Financial Services Modernization Act allows banks, securities firms and insurance companies to get together.

November 1999 should be a month long-remembered by the financial-services industry. The governor signed legislation to keep insurers and banks domiciled in Indiana, and the president signed long-awaited legislation to allow common ownership of banks, insurers and securities firms.

Nationally, the Gramm-Leach-Bliley Act repeals the Depression era Glass-Steagall Act and amends other statutes, clearing the way for a more dynamic financial-services sector. In reality, the walls between banking, insurance and securities firms were like Swiss cheese. New holes appeared with dozens of court decisions, state law changes and with deregulation efforts during the Reagan era. But the reforms are now official.

Under the new law--known as the Financial Services Modernization Act--banks, securities firms and insurance companies can now affiliate within a financial holding company structure, or FHC. The Federal Reserve Board runs the approval process for FHCs and has some umbrella responsibilities, but existing state and federal regulatory bodies--such as the Securities and Exchange Commission, Comptroller of the Currency, Treasury Department and state insurance and banking departments--retain their "functional" regulatory powers. "Functional" is an important word in the new order. Insurance regulators, for example, will regulate insurance issues regardless of the new structure.
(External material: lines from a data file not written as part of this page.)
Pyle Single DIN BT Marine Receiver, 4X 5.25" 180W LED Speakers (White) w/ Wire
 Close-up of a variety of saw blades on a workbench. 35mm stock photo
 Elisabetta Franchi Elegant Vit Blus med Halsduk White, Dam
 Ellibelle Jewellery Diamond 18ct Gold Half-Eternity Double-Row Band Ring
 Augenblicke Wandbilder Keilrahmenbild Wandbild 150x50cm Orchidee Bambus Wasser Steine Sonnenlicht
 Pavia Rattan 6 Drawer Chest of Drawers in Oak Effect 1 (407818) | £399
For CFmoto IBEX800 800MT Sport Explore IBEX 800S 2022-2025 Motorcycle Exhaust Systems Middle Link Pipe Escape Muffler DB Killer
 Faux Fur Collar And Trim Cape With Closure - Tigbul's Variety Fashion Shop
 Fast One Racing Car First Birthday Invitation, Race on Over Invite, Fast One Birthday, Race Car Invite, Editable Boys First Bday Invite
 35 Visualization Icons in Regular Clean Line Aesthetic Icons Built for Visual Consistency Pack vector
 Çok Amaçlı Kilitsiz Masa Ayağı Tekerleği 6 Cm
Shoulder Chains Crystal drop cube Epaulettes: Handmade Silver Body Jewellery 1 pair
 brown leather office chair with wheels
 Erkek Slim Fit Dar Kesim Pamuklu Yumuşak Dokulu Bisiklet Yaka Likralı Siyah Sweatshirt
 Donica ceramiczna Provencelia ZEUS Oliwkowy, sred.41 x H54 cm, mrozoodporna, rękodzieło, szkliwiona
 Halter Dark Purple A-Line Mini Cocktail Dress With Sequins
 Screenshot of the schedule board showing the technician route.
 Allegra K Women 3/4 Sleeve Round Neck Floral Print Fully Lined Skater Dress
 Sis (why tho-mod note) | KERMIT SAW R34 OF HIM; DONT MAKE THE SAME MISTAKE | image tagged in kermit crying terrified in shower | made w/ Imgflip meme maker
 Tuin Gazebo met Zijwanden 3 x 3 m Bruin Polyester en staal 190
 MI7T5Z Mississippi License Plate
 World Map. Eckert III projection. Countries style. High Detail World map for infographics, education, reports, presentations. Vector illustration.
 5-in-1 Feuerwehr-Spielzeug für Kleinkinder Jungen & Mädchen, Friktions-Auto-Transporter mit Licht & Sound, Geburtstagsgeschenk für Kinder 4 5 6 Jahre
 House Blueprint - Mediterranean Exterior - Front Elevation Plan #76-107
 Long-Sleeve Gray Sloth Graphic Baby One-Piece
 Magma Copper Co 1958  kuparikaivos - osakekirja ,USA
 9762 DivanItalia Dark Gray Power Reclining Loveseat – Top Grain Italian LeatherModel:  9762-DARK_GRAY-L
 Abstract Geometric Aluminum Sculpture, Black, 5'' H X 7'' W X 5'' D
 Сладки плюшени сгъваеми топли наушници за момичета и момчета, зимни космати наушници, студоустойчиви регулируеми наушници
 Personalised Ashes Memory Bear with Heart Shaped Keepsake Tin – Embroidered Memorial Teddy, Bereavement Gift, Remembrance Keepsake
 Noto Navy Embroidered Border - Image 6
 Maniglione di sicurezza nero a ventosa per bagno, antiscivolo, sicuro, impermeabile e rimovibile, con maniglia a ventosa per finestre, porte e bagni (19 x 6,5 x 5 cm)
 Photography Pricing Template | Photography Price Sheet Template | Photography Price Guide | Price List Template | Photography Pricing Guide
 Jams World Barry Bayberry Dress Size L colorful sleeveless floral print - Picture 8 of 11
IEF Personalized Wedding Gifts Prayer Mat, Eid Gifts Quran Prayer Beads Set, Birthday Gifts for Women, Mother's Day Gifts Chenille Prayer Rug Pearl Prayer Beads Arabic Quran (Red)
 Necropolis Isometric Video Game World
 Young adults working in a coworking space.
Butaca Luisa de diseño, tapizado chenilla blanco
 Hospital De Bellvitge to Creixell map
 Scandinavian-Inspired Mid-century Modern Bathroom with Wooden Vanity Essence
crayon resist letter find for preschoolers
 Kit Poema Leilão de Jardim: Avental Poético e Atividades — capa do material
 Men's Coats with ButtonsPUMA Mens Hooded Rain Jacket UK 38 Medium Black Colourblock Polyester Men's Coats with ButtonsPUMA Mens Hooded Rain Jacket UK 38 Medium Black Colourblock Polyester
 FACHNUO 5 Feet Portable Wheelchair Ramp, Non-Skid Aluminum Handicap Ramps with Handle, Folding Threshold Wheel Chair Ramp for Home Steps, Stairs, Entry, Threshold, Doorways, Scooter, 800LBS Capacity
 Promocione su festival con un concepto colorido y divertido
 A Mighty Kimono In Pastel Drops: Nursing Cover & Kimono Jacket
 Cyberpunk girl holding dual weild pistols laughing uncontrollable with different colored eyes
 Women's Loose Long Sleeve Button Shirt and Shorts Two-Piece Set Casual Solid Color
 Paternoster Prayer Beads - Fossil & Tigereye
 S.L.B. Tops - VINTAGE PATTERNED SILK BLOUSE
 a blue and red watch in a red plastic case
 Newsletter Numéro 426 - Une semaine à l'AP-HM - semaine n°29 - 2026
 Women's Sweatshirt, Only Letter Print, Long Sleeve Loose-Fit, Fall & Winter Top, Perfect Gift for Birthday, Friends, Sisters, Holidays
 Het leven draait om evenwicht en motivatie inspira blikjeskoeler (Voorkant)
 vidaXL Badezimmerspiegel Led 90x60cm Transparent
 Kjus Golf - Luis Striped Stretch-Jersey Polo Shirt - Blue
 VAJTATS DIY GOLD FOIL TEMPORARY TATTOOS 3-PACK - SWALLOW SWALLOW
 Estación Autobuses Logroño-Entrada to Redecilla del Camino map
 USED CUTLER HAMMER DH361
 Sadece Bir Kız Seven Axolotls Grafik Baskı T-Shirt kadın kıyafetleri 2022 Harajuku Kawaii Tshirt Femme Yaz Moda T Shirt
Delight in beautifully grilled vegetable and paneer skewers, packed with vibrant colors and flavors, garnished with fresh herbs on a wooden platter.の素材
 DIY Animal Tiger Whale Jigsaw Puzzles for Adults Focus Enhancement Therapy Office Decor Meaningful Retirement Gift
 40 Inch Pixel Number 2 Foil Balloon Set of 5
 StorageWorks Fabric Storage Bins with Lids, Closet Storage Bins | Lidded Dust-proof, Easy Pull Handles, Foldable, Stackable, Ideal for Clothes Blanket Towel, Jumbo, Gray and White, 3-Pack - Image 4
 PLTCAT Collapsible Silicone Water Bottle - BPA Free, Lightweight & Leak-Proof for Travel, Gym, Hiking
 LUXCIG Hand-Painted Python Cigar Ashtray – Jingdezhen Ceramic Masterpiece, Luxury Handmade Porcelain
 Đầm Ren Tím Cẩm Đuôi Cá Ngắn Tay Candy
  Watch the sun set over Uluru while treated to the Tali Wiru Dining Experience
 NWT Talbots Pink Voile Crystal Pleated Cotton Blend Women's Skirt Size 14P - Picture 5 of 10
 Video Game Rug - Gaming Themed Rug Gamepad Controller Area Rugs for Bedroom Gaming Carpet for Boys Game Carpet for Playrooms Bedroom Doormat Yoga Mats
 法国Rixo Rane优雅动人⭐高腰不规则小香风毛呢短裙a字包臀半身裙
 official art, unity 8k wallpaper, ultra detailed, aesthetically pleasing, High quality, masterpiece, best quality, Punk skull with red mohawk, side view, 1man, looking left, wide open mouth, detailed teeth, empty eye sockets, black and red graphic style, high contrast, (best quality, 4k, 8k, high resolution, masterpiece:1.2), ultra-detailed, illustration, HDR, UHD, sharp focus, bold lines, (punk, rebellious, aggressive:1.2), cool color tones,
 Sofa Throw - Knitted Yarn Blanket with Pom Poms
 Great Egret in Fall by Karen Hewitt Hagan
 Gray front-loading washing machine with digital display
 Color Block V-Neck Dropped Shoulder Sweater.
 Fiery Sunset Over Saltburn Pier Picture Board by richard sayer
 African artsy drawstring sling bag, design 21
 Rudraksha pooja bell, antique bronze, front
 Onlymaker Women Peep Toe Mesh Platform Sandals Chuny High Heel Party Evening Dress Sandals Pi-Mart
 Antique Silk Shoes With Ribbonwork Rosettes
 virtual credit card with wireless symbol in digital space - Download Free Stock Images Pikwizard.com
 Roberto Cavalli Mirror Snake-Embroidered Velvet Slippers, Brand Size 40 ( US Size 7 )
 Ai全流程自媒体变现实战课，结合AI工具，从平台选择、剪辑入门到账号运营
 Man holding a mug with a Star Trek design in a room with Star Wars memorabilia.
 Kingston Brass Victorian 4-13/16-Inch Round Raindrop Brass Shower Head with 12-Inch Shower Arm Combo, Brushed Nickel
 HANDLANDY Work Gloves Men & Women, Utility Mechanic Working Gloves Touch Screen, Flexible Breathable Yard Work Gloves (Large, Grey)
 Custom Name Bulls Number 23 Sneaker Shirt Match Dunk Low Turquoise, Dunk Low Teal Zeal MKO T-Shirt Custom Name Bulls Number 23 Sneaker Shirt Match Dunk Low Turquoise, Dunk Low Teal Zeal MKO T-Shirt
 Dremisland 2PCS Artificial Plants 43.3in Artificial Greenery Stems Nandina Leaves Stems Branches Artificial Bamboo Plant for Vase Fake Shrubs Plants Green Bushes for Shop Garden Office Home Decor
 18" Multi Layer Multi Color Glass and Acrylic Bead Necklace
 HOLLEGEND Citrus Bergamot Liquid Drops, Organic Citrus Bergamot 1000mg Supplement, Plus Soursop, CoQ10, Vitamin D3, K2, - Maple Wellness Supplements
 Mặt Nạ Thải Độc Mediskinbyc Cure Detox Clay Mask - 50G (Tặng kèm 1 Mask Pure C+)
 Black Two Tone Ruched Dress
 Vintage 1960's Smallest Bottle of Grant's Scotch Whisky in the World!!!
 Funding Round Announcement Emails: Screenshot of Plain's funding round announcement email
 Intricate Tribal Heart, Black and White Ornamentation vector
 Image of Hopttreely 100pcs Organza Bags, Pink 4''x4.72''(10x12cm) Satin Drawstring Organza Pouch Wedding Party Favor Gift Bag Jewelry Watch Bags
The Fed's interim rules, issued in January, outline procedures by which bank holding companies and foreign banks elect to become FHCs. Immediate applications were permitted so that the Fed could approve FHC status on March 13, 2000, the first business day after the effective date of the act. The rules require a bank holding company's depository institutions to be well-capitalized, well-managed and have at least a "satisfactory" rating under the Community Reinvestment Act.

Solvency safeguards are retained preventing the mix of assets among banks, insurance and brokerage businesses. In addition, non-financial companies are now prohibited from owning commercial banks.

"The largest banks in the country will benefit," according to Brad Kime, executive vice president at Irwin Union Bank in Columbus. Kime says Irwin, a state-chartered bank since 1871 with $1.3 billion in assets, has no current plans to purchase insurance or brokerage firms. But, he adds, "We've been able to sell insurance products since the 1930s and brokerage services since the 1980s," acting as an agent and sales arm. The new federal legislation will "spur large cross-industry mergers," Kime predicts.

The highly publicized CitiCorpTravelers merger in 1998 is an example. It was saddled with a five-year window in which to work out its legal and regulatory bugs. But it should have smooth sailing with the passage of the Financial Services Modernization Act.

LONG WAIT

Bankers worked for two decades to repeal Glass-Steagall. The American Bankers Association touts the benefits of the new law as increased consumer access to services through one-stop shopping and lower costs through economies of scale, greater competition and eliminating agent middlemen.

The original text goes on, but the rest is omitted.